Having exacted this pledge of allegiance to physicalism, Manzotti asserts further that consciousness must be located in one of three places: in neural activity, in the object perceived, or in the physical processes connecting the two. Neural activity is out because, while an apple is red, rounded, cool, and so on, the corresponding neural activity has none of these qualities. We are conscious not of neural activity but of the apple. The second option, the process linking object to organism, would include not only neural activity but also rays of light and retinal activity and all the physical phenomena undergirding these. But this option fails for the same reason: the human being sees the apple and not the physical processes linking apple to neural activity. And so the process of elimination compels Manzotti toward the utterly strange conclusion that consciousness of the apple must be “in” the apple.
This argument shocks, confounds, and finally converts Parks. My consciousness of an apple is physically located in the apple that I see—bizarre, audacious, and perhaps just crazy enough to work. But this deduction still puzzles, demanding elaboration and defense. How to do so? Parks mostly makes frequent use of italicized conjugations of the verb “to be”: “[T]he experience of the Mona Lisa was the Mona Lisa as your perceptive faculties allowed it to exist when you stood before it.” “[T]he object is the experience.” “The experience was the wall of the cage and the mouse’s relation to it.” Those phrases—“as your perceptive faculties allowed it to exist at the when you stood before it” and “and the mouse’s relation to it”—might seem to smuggle back in what had earlier been kicked out: the physical process linking organism to object. But, more to the point, italics by themselves argue nothing. Truly, Parks has freighted font with more responsibility than it can possibly bear. It may be possible to convince us that two manifestly different things are really the same—but not with a mere slant to the script. The italics method reveals that we are in the realm of pure assertion. It lets slip that the true basis of physicalism lies outside of analysis or observation.
2.
But prior to sifting the motives of physicalists, the problem of consciousness itself needs some attention. Like no other subject—not religion, not politics—the problem of consciousness lays out a lavish feast of chances to learn that your seemingly sensible acquaintance has been a secret lunatic this whole time. Nevertheless with some attention and effort we can see that the physicalist account of mind is patently wrong. Four overlapping reasons in particular should make us doubt the identity of mind and matter.

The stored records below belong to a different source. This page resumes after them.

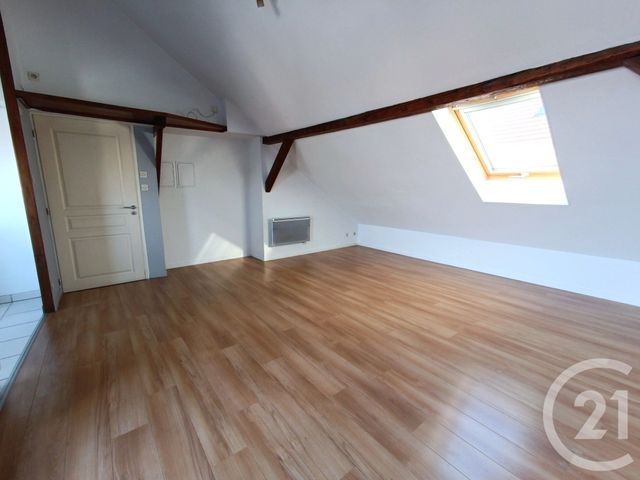 Appartement F4 à vendre - 4 pièces - 87.38 m2 - STRASBOURG - 67 - ALSACE - Century 21 Weibel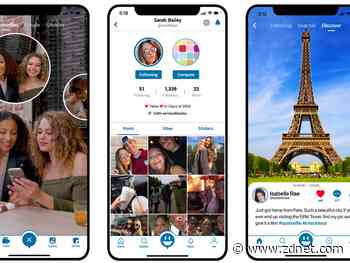 Spotselfie metaverse announces ability to own digital land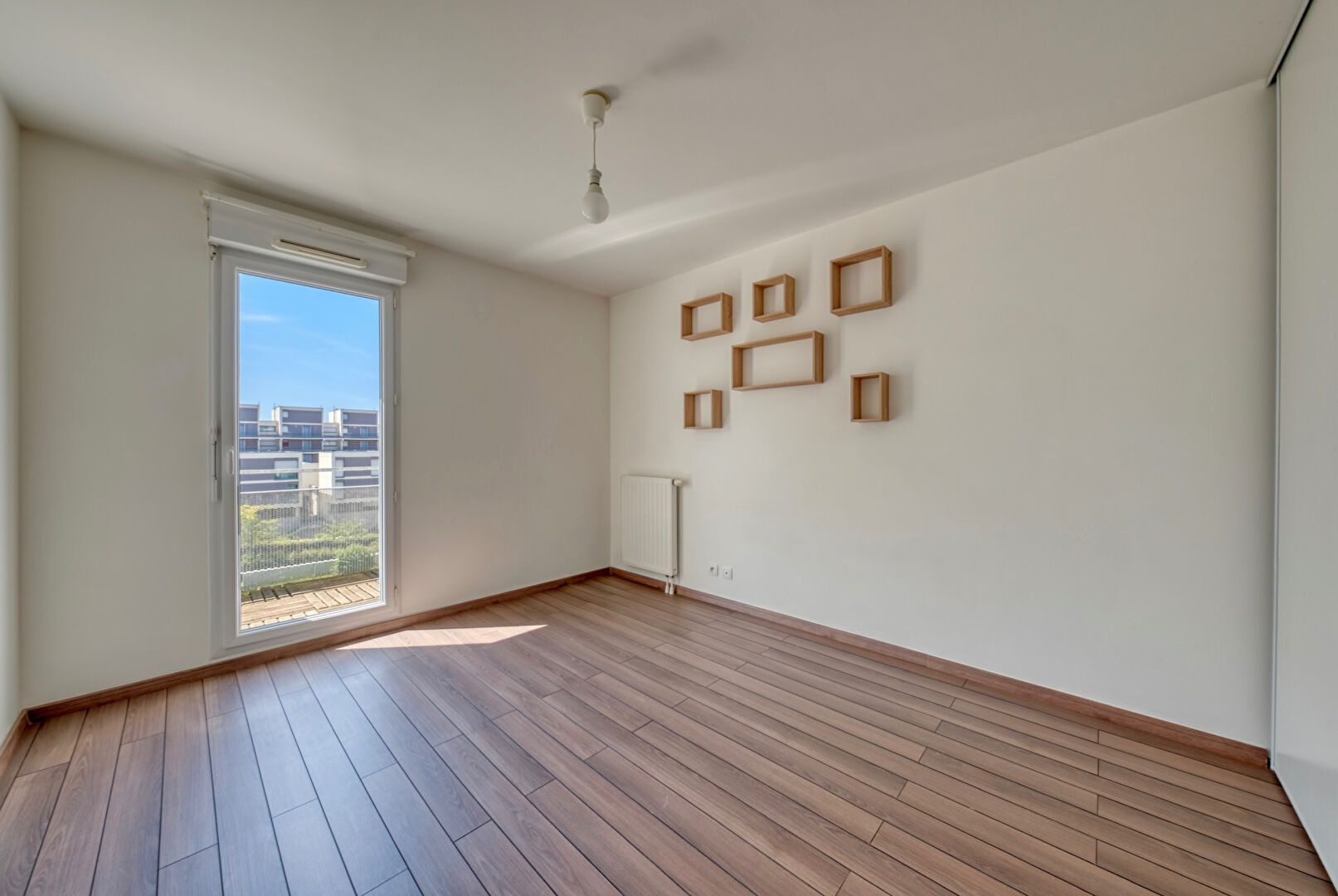 Appartement T3 – Beauregard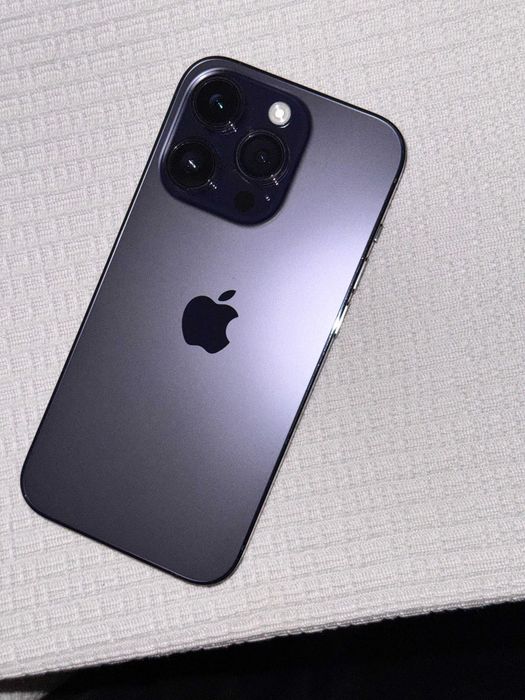 iPhone 14 pro 128gb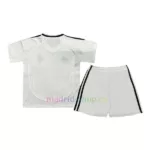Camisa Home do Real Madrid 2024-25 Infantil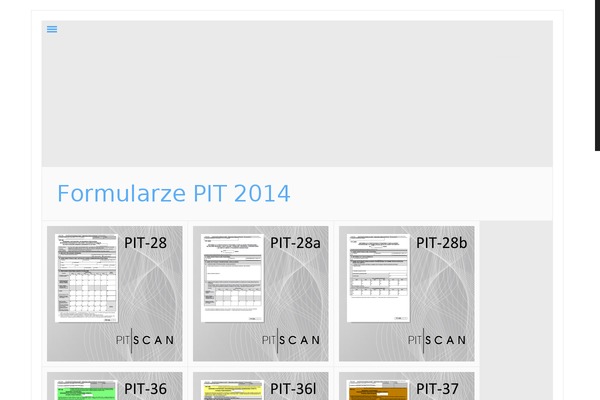 pit37.info.pl site used Grid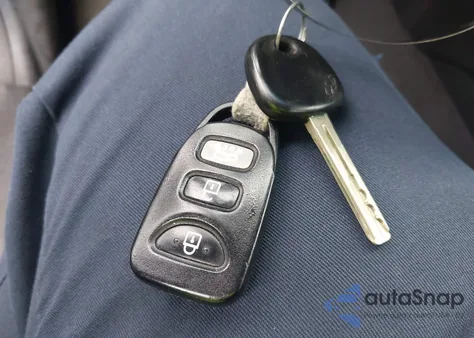 2014 Hyundai Sonata Gls z USA, uszkodzony, nr VIN 5NPEB4AC6EH886609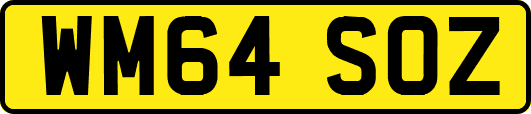WM64SOZ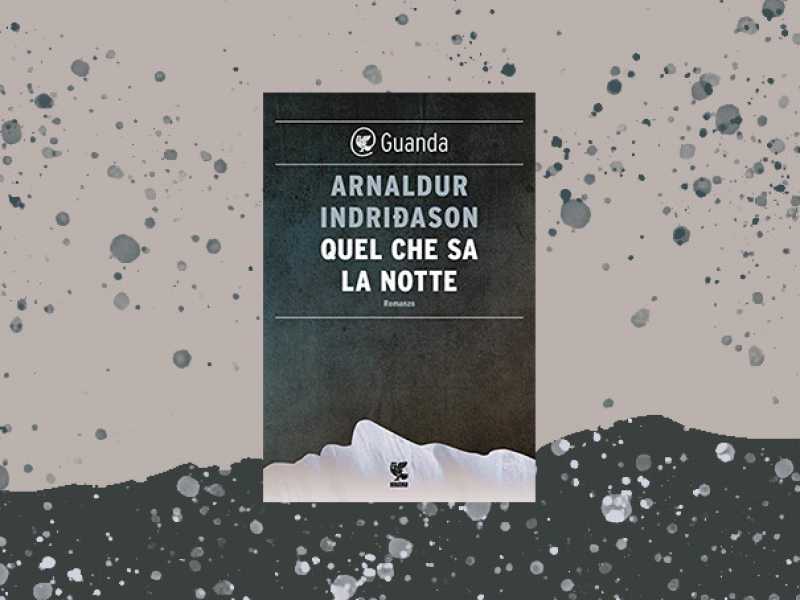 Quel che sa la notte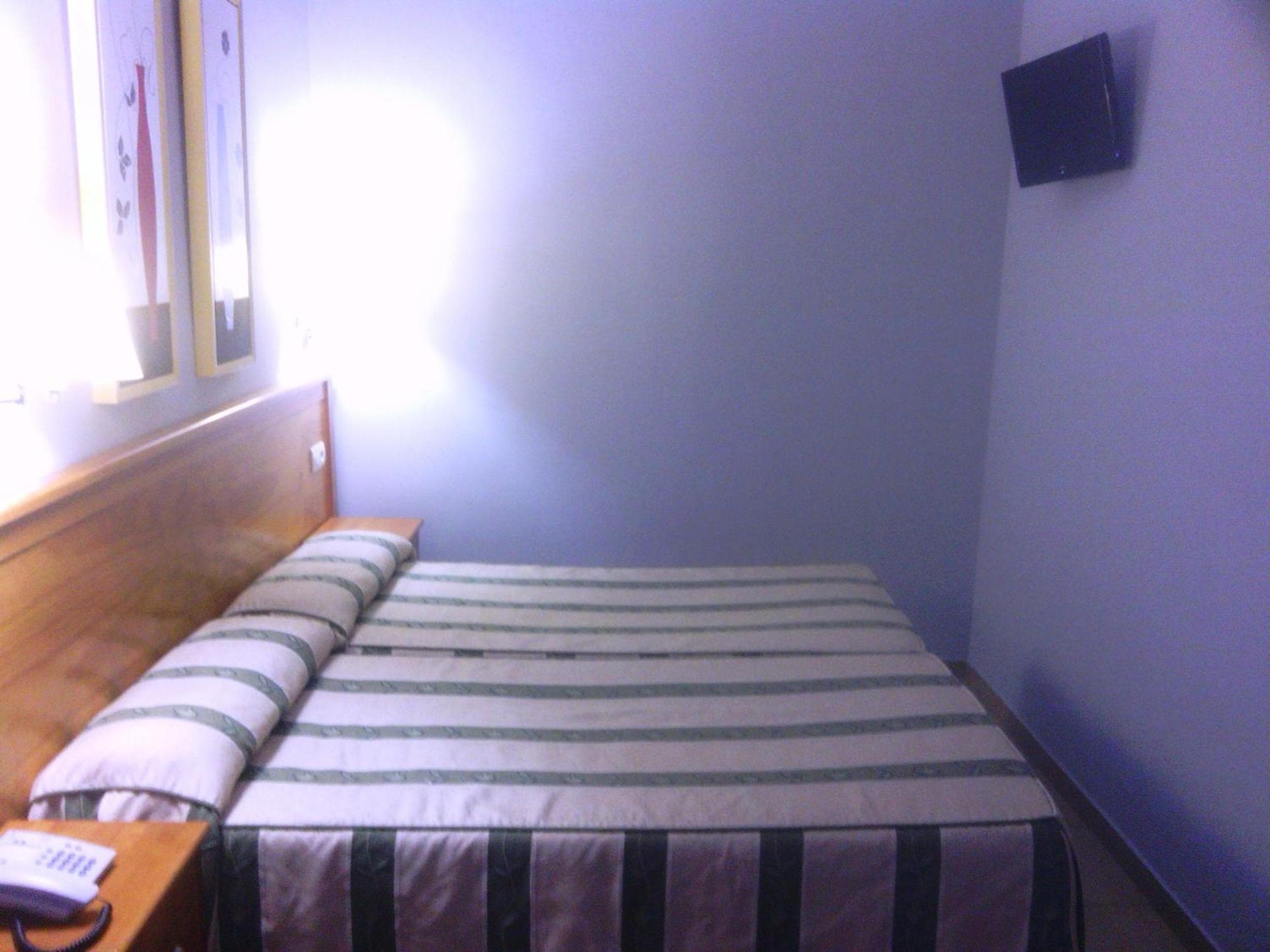 Goya Hotel — 26
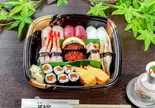 【2名様以上!店長オススメ】にこにこセット(すし処 緒多留)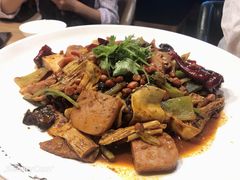 -拿渡·水煮鱼 麻辣香锅(西单大悦城店)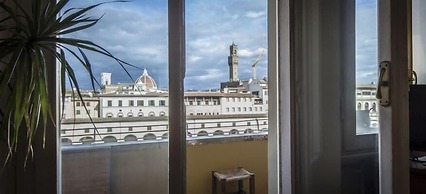 Florentapartments - Ponte Vecchio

First, consciousness needs a witness, to which perceptions, memories, desires, and other mental events are referred. Implicitly, it seems that those who believe neural tissue to be mind itself imagine that this tissue forms a kind of image, as on a television screen. But, as that fanatical physicalist Francis Crick himself asked, if this is so, who’s watching the television? The proposition that the matter-energy in the brain “just looks at itself” can, of course, be mouthed but not pictured or understood. All the looking we know involves an organism, with a nervous system, in the midst of the world, but the nervous system by itself is only a part of that aggregation. To say that neural tissue by itself “perceives” would be like saying that the fretboard of guitar alone generates guitar music. It arrogates too much to one part of the whole. To compare, on the one hand, an organism looking at an object to, on the other hand, neural tissue “looking at itself” is to turn the nervous system into an organism in its own right, which in turn would need its own inner physical witness, and so on forever.
Second, mental events mingle. The mind is a unity, although a unity utterly unlike a physical structure with parts outside of each other. As St. Gregory of Nyssa put it, one perception enters through the east gate, and another enters through the west gate, but they all meet in one city. What is this dimensionless yet capacious coming together of memory, desire, imagination, and perception that makes possible the first-person experience? The brain is made of exclusive parts that interact physically. But the mind is made not out of indifferent forces but of mutual presences and coinherent meanings. Nothing in the mindless world approaches the unique quality of my mind to unify without abolishing plurality.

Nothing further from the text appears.